# EXERCISE DIRECTIONS
Give the lines again exactly as they appear below, from the line with "BASKET AND TUB" to the line with "Bolso De Tela", both included, and only those lines. Leave every picture out.

# DATASET EXTRACT
★ ★ ★
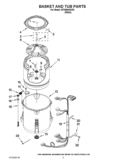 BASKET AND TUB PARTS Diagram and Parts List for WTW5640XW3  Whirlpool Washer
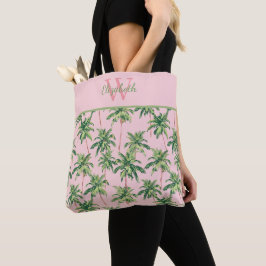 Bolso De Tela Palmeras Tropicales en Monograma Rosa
★ ★ ★
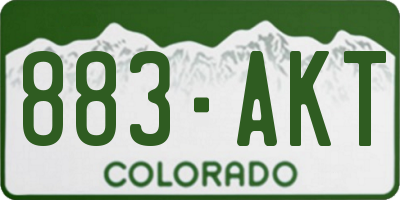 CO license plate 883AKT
★ ★ ★
# YOUR RESPONSE
 BASKET AND TUB PARTS Diagram and Parts List for WTW5640XW3  Whirlpool Washer
 Bolso De Tela Palmeras Tropicales en Monograma Rosa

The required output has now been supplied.